Crowley would be sure to try and bring the thing back to life, of that they were certain. 

Eyeing the fence, Bee was sure that it would fall down before the year was up, what with the rot and knot-marks and holes between the panels; and they suppressed a laugh at the death-rattle it gave when they kicked it. They spared a glance over into their neighbour’s garden, and then their nosiness overcame them and they draped their arms over the fence entirely, wrinkling their nose a little at how nice next door seemed in comparison. 

It was a wide, open space and the tiles on the ground looked brand new and almost shone under the early afternoon sun. Bee didn’t feel in the least bit bad about dropping cigarette ash all over them. In the middle was a patch of neat green grass, in the far corner a russet-painted shed, and the entire back fence was painted with a sunset-inspired mural.

Inside the house Bee saw a lone girl, busy packing things away into the wall units in the kitchen. Bee found themselves very intrigued, her deep brown skin flawless and shining with a rich gold highlighter that caught the sun every time she moved, and she wore a loose, ruffled white shirt that flowed with her movements and made her look like an angel. 

For someone so seemingly put-together, she’d sure picked a rough neighbourhood to live in.

Bee stopped staring, then, and as they turned to duck down behind the fence to finish their cigarette they met eyes with Crowley, making his way out of the back door to join them.

“Dagon’s setting up her tank," He waved vaguely behind him as he spoke, up on his tiptoes to peer eagerly over the fence. 

"What's next door like?" 

"Nice." Bee replied genuinely with a nod, waiting for Crowley's hum of approval before continuing. "When's your boy moving in?" 

Crowley choked, and Bee snickered when his face flushed almost as red as his hair.

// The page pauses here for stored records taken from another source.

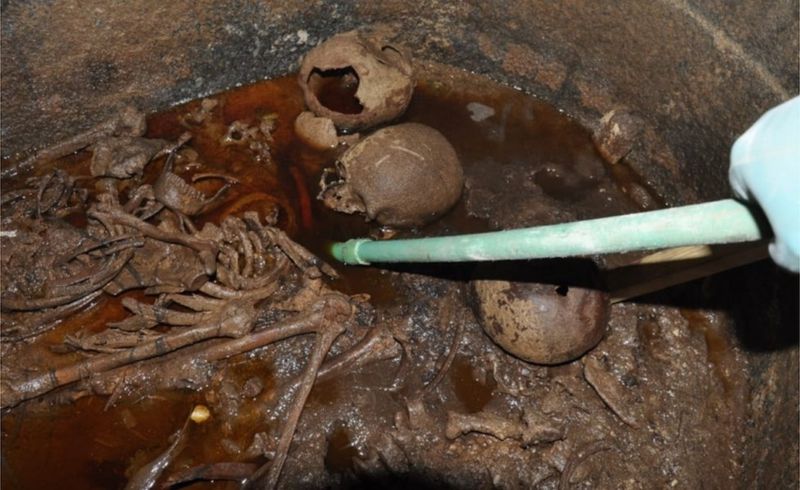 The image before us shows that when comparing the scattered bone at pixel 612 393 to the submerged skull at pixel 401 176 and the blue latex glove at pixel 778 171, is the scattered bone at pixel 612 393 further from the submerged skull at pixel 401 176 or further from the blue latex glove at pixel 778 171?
the blue latex glove at pixel 778 171

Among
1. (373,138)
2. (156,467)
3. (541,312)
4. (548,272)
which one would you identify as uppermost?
(373,138)

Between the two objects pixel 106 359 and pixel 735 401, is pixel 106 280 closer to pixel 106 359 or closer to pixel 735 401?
pixel 106 359

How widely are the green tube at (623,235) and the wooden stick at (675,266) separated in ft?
3.49

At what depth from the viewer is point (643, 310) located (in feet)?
10.9

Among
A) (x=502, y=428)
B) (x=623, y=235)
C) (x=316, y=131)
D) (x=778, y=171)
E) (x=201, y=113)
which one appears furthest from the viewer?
(x=201, y=113)

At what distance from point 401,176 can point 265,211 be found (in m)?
0.81

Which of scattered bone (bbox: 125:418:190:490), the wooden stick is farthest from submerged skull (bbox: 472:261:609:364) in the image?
scattered bone (bbox: 125:418:190:490)

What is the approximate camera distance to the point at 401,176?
3.11 meters

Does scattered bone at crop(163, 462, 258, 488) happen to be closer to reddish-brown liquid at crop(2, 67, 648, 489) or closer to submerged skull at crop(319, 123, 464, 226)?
reddish-brown liquid at crop(2, 67, 648, 489)

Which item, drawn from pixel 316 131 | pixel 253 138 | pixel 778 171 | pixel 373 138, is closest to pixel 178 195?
pixel 253 138

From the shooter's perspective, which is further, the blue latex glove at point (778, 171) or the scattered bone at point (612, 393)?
the scattered bone at point (612, 393)

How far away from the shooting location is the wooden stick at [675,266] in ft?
8.61

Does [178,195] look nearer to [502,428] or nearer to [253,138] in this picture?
[253,138]

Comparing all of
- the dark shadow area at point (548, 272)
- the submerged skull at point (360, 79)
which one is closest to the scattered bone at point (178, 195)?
the submerged skull at point (360, 79)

He had started dating a boy named Aziraphale, though Crowley would only ever call him Ezra, Zira, or Angel , over the summer, having met online and hit it off in a fresher's group chat for their university. 

"Weird name." Bee had commented, and then had immediately taken it back upon remembering that their legal name had very nearly been Beelzebub .

The two had met up a few times, and soon become an official item. Bee could still vividly remember the absolute joy on Crowley's face when he'd found out that, arguably through some sort of divine intervention, Zira would be living just next door when term time started.

Who else he was living with, however, Bee and Crowley hadn't the faintest. All Zira had said was that there were four of them, two second years and two first years, and all of them had met through family friends, university societies and extra curricular youth groups. Nerds.

"Uh, h-he-" Crowley cleared his throat, removing his sunglasses as if it'd help him think better, brown eyes so light they almost shone yellow darting this way and that but never meeting Bee's own. "-He should be here tomorrow, or the day after."

Bee smirked at him, quirking an eyebrow. 

"You'll have to introduce us.”

Crowley very quickly brushed it off with an awkward nod.

“What do you think the rest of ‘em will be like?”

Bee finished their cigarette and stubbed out the end on the wall, little ashy embers flying back at them as they flicked the filter in the general direction of the drain by the back door.

‘Get something to put your dock ends in-’ Bee reminded themselves as they followed Crowley back through to the living room. ‘-Asshole. Think of the planet.’

“Insufferable, probably.” Bee shrugged, leaning back against the sofa and crossing one leg over their knee, their foot beginning to twitch and shake out of habit. They decided not to mention the girl they’d seen in the kitchen, knowing full well that Crowley would mislay the information to Dagon, who in turn would mislay it to Hastur, over-exaggerated and not at all true stories of Bee and the mystery girl somehow being an item forming from nothing more than boredom and a need for drama.

“Yeah, probably.” Crowley’s reply was half-hearted, paying no real attention as he instead stared down at his phone.

“Zira likes them, though, so I’m sure they’re nice enough.”

Bee made no effort to reply, but if they had, it would’ve been cut off. First by a crash, followed immediately by the second customary exclamation of “fuck” of the day. 

It was beginning to feel like home already.